# Gibbs sampler as a Markov process

1. Apr 24, 2012

### Stochasticus

x_1{t+1} ~ p(x_1|x_2 = x_2{t},...x_n{t})
x_2{t+1} ~ p(x_2|x_1 = x_1{t+1},x_3 = x_3{t},...,x_n{t})
.
.
.
x_i{t+1} ~ p(x_i|x_1 = x_1{t+1},...,x_(i-1) = x_(i-1){t+1},x_(i+1) = x_(i+1){t},...,x_n{t})

Supposedly this thing is a Markov chain. I just don't see it. It sure looks like each updated variable x_i{t+1} is contingent on the whole set, not just the prior value x_i{t}. Can someone show me how this satisfies the Markov criterion

2. Apr 25, 2012

### Stephen Tashi

A process can be viewed as a Markov process if the transition probabilities to the next "state" depends only on the current "state". You can define a state in any way that you wish and it might even consist of an infinite number of variables. Until it is revealed how a state is defined, it is impossible to say whether a given mathematical or physical process is Markov.

The state in the Gibbs sampler is the current vector of values $(x_1(t),x_2(t),...x_n(t))$. The fact that these variables at time $t$ are realized by a transition probability that depends on the vector at $t-1$ doesn't contradict that fact that the transisition probabilities are determined by the vector of variables at $t$. The fact that you might be able to write the transition probabilities at time $t$ as a function of the $x_i()$ at an earlier time such as $t = 2$ doesn't contradict the fact that the process is a Markov process. It's a Markov process as long as you can expresses the transition probabilities as a function of the current "state".

3. Apr 25, 2012

### chiro

Hey Stochasticus and welcome to the forums.

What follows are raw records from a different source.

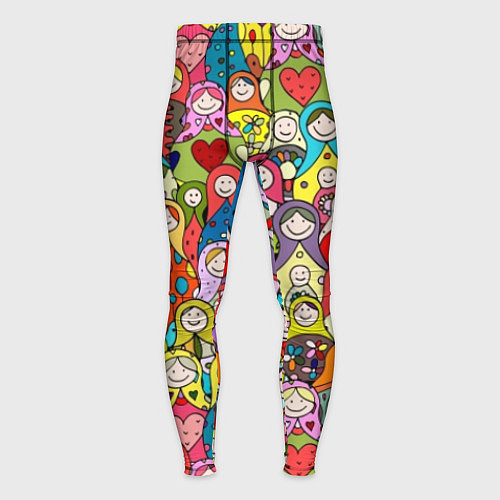 Мужские тайтсы Весёлые матрешки / 3D-принт – фото 1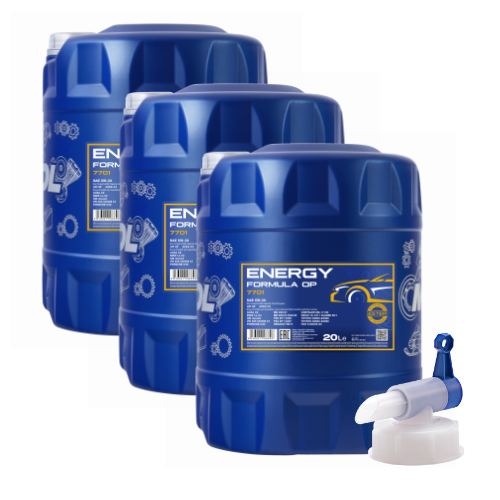 60 Liter (3x20) MANNOL Energy Formula OP 7701 5W-30 Motoröl + 1x Ablasshahn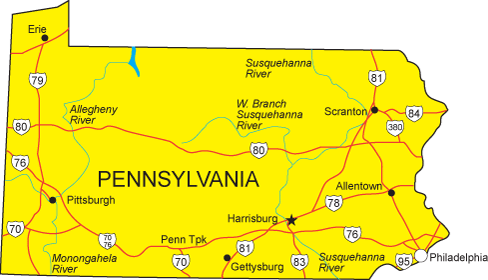pa map. Click any of these state map links to view simple state maps and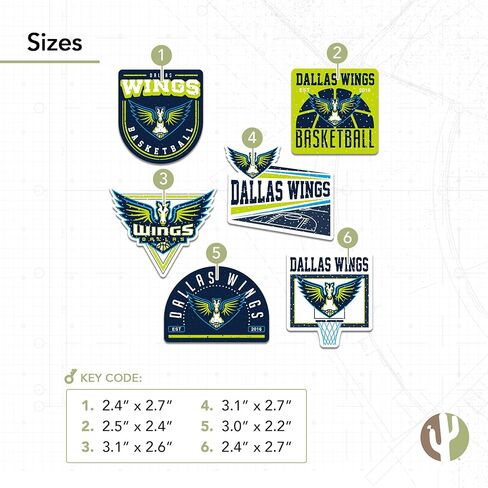 Desert Cactus Dallas Wings WNBA Women's National Basketball Association Officially Licensed Sticker Vinyl Decal Laptop Water Bottle Car Scrapbook (Type 2-3) in Saudi Arabia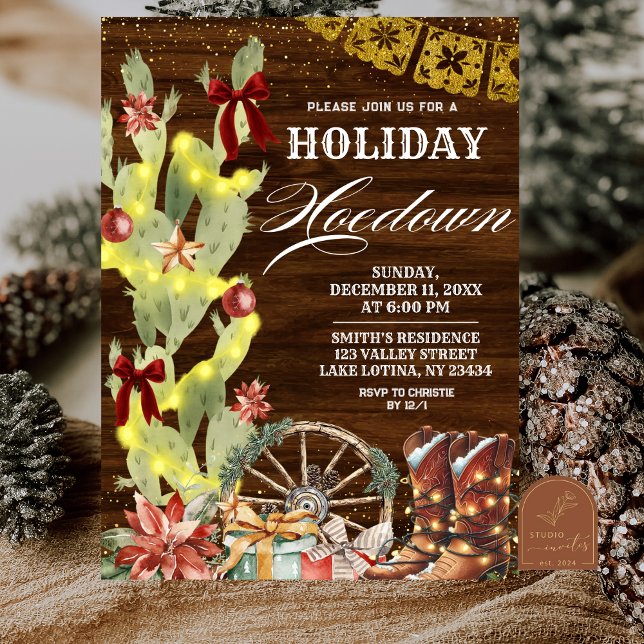 Invitación Fiesta de Navidad del Oeste Salvaje del Cactus con (Subido por el creador)
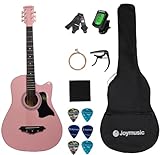 Joymusic 38 inch pink beginner acoustic guitar kit,bundle with a strap with picks holder,digital tuner, set strings, capo,cleaning cloth,6 picks,gig bag.(JG-38C,PK)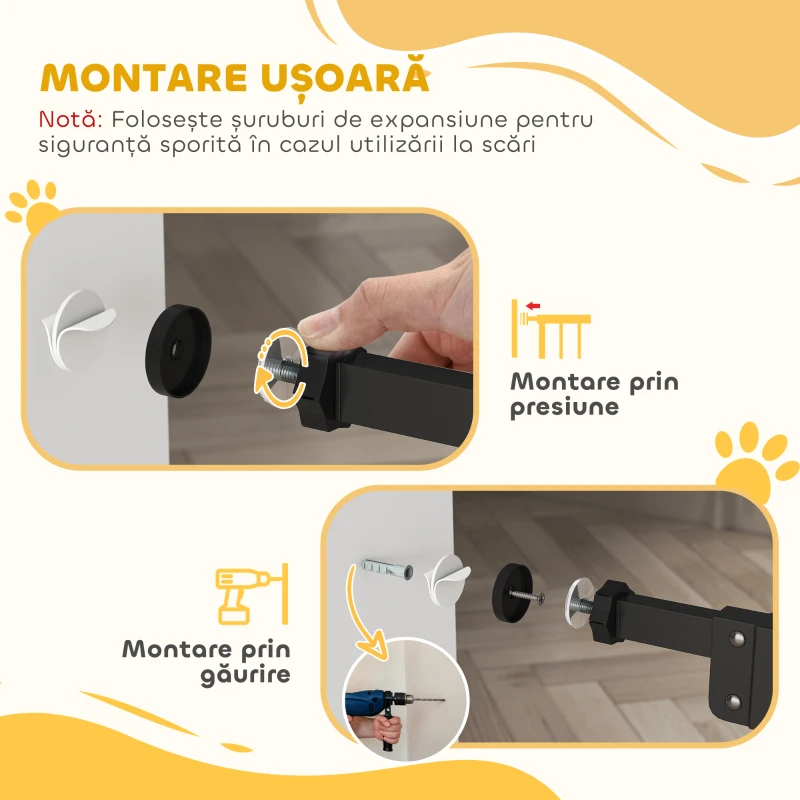 PawHut Poartă pentru câini cu 2 extensii, lățime reglabilă până la 100 cm și închidere automată, neagră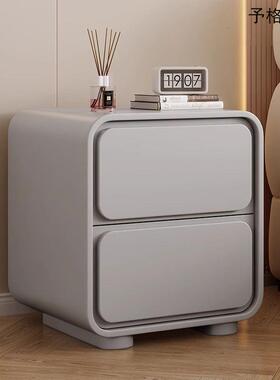 新款网红床头白色奶油风简现代轻奢卧室QLN皮质实柜木床约边储物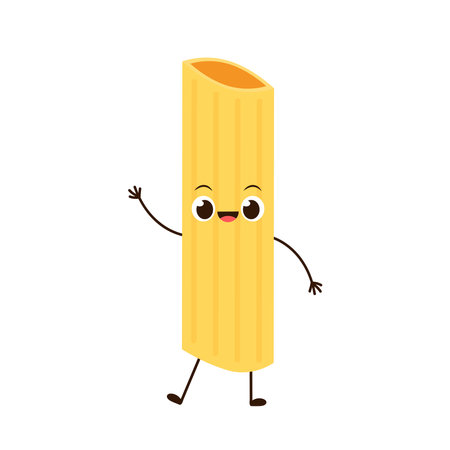 Penne noodle vector. Penne noodle. Macaroni character design.のイラスト素材
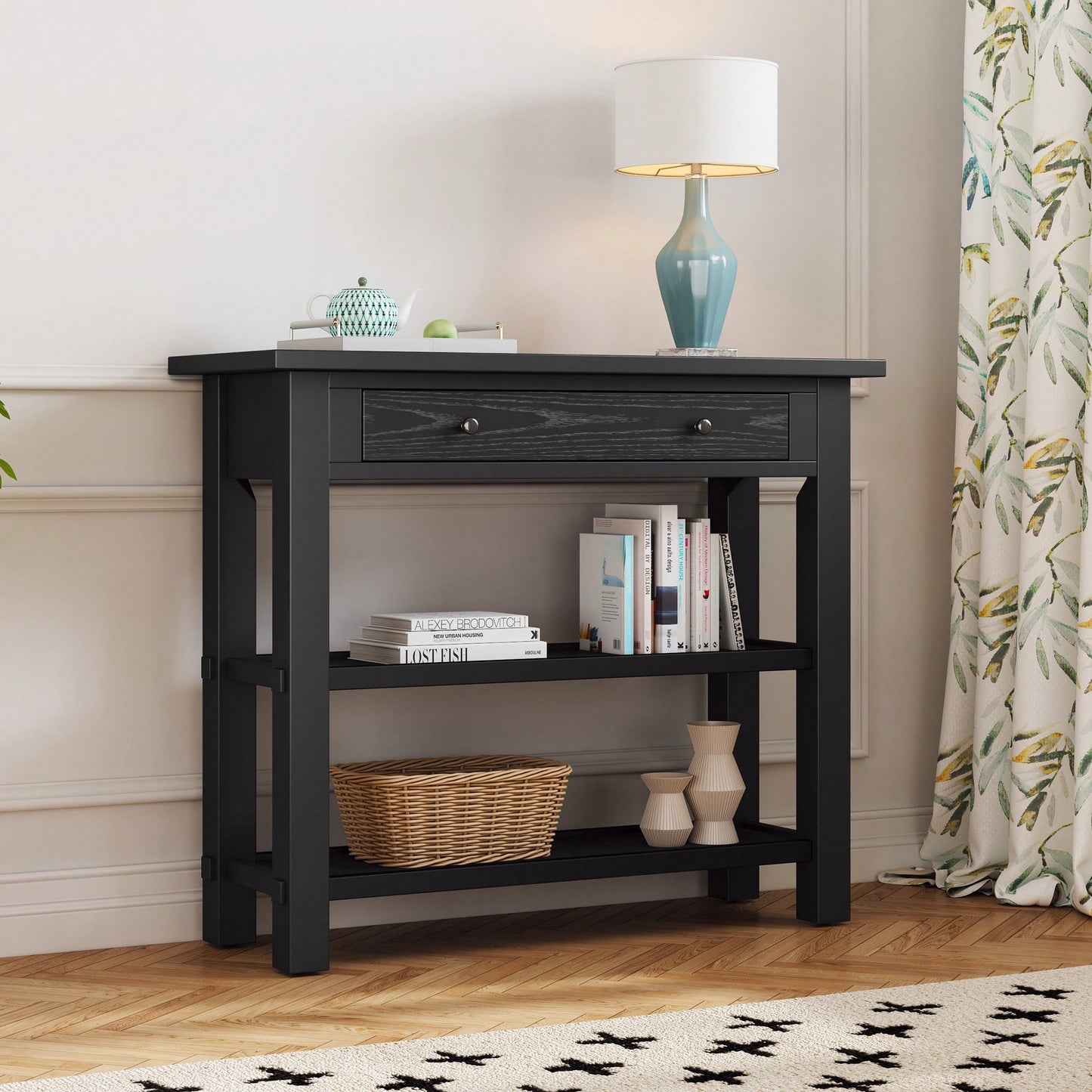 Stylish Retro Console Table With Drawer And Two Durable Shelves For Entryway Or Living Room In Espresso Finish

Yours is an interesting question as I have just assumed this in my prior courses without bothering to check it myself, but I found a PDF that shows a proof that might help you.

http://users.aims.ac.za/~ioana/notes-ch4-2x1.pdf

Scroll down to proposition 4.5

4. Apr 25, 2012

### Stephen Tashi

That proof doesn't bother to prove the Gibbs Sampler is a Markov Chain. The proof just assumes it is, which I think is justified.

A further thought: Many respectable books phrase their definition of a Markov chain to say that the transistion probabilities to the next state "depend on the history of past states only through the current state". They say it that way instead of saying that the transitions probabilities "don't depend on the history of past states", which is the phrase that casual writers use. The casual writers are wrong. It is actually OK for the transition probabilities to depend on the history of past states and, in fact, you can usually write the transition probabilities as functions of a history of past states.

5. Apr 25, 2012

### Stochasticus

It seems I was overthinking this. I was aware that for the whole set of variables, call it big X = {x$_{1}$,....,x$_{n}$} the sampler met the Markov criterion. I got caught up trying to prove that each subsequent value x$_{i}$$^{t+1}$ was conditioned only on x$_{i}$$^{t}$.